Christine here: Due to some camera or perhaps camera-cord difficulties, I also (along with Dianne) have had difficulty posting recently. But, I have figured out a work-around that involves removing the memory card and inserting it into the one desktop computer that can recognize it, then copying it to a flash drive and importing the photos to my laptop. Excessively complicated but at least it works now!!
Here is the completed curved strip rug that I was complaining about so much:
The curves were completed by making a series of increases and decreases. After multiple attempts at deeper curves, I realized that the most I could put into the rug (and still keep the braids perfectly parallel) was 1 increase or decrease per curve in the red braid and 2 increases or decreases per curve in the gray braid. Any more increases/decreases than that, and I lost the parallel aspect and they had to become expanding and shrinking curves, if that makes sense.
I was able to finish the rug on my home machine (Husqvarna Viking “Quilter” edition) with a new pack of jeans-weight sewing needles. I did 2 rows of fairly tight zigzag stitch across each end. I went through 4 needles. So it’s not a perfect technique… but easier than sending it off in the mail (Pam Rowan will finish these strip rugs on her industrial sewing machine if you send them to her: email@example.com).

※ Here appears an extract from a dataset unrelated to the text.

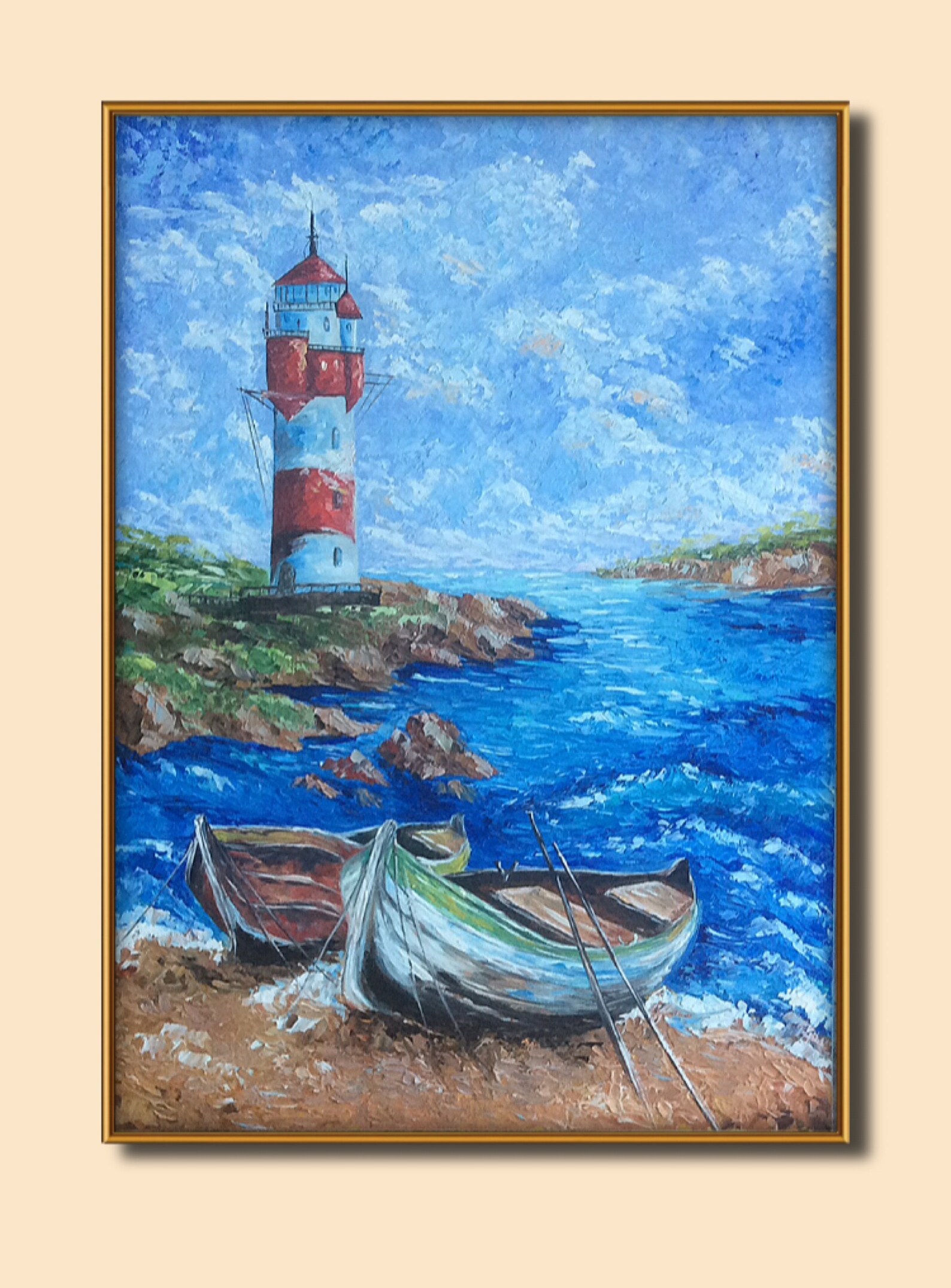 Lighthouse boats seascape 2820 Original oil textured on Etsy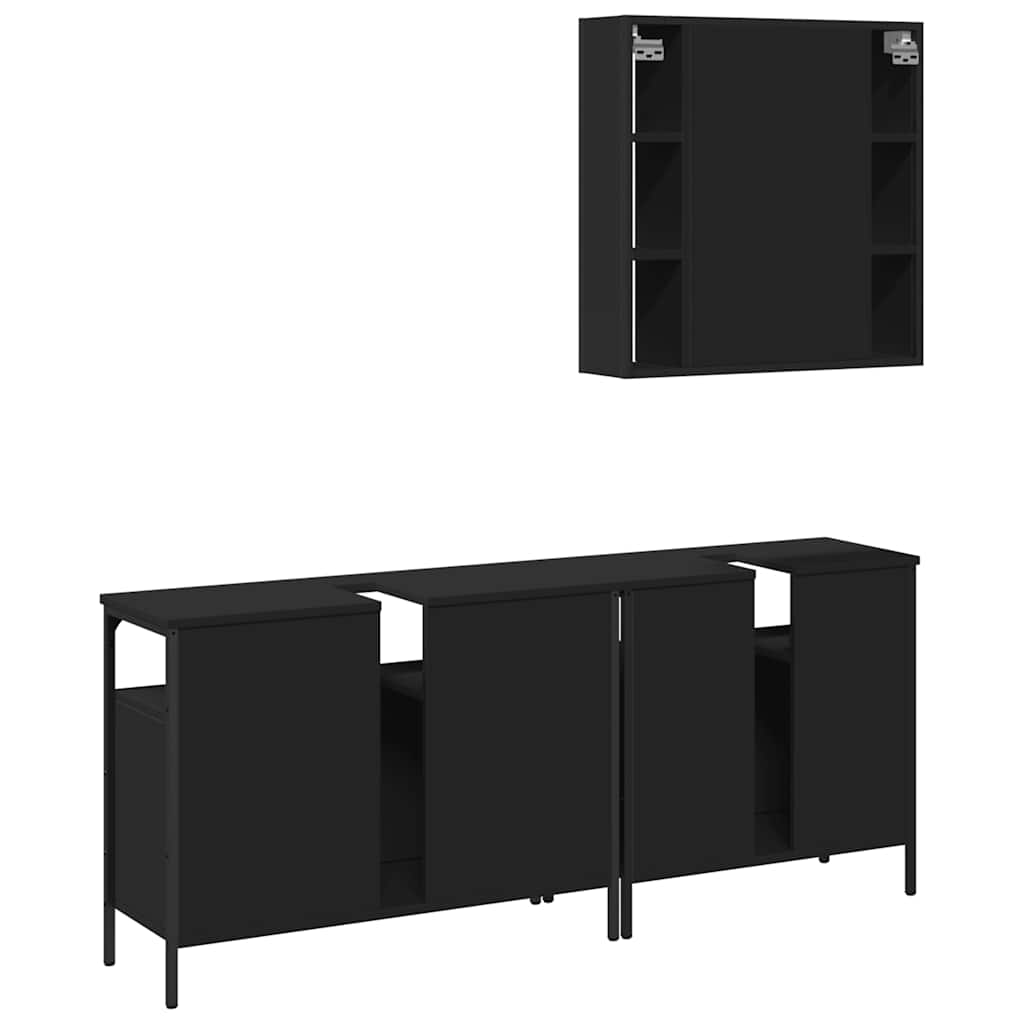 Set di Mobili da Bagno 3 pz Nero in Legno Multistrato | homemem39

My next project was going to be a super-curvy rug but… before I could get to it, I got distracted by yet another idea. I’ve been preparing for teaching at ATHA in San Antonio with Kris McDermet and Dianne Tobias, where the 3 of us are going to teach sections of
Attaching Braids to Hooking (or whatever the actual title is, something like that). I had so enjoyed my Cornered strip rug that I did earlier (still haven’t finished the ends, truth be told) that I decided to work on a cornered rug around hooked centers. I have spent the last 5 days rug-punching 5 eight-inch squares for this rug. I’m working on finishing the padding and backing now. Here are 3:
And here’s a view of the side, where a little of the hooking foundation is visible so that you can lace the future braids to it:
I am sick to death of rug punching, but at least they’re completed and now I can begin the braiding portion. Here’s what I have in mind for the squares:
I plan on putting several rows of braid around the squares and spent all day yesterday dyeing yards of pinky-purple fabric… which turned out too dark initially, darn it, so I tried again with less dye and it still came out darker than I wanted… that magenta is really powerful stuff, isn’t it? Anyway, after torturing myself with all the rug punching, all I want to do is braid.
Final comment: I was reading an essay on Robert Southey, a poet from the early 1800’s who was fond of creating new words: an example is “autobiography.” One of his 400 created words was agathokakological (composed of both good and evil). He apparently planned a literary utopia withe Samuel Taylor Coleridge on the banks of the Susquehanna River in my home state of Pennsylvania, but they couldn’t ever agree on the location so the plans fell apart. (Probably for the best: few of those 19th century utopian societies lasted). Anyway, reading about him inspired my own neologism: pathoplekophilia: a pathological love of rug braiding.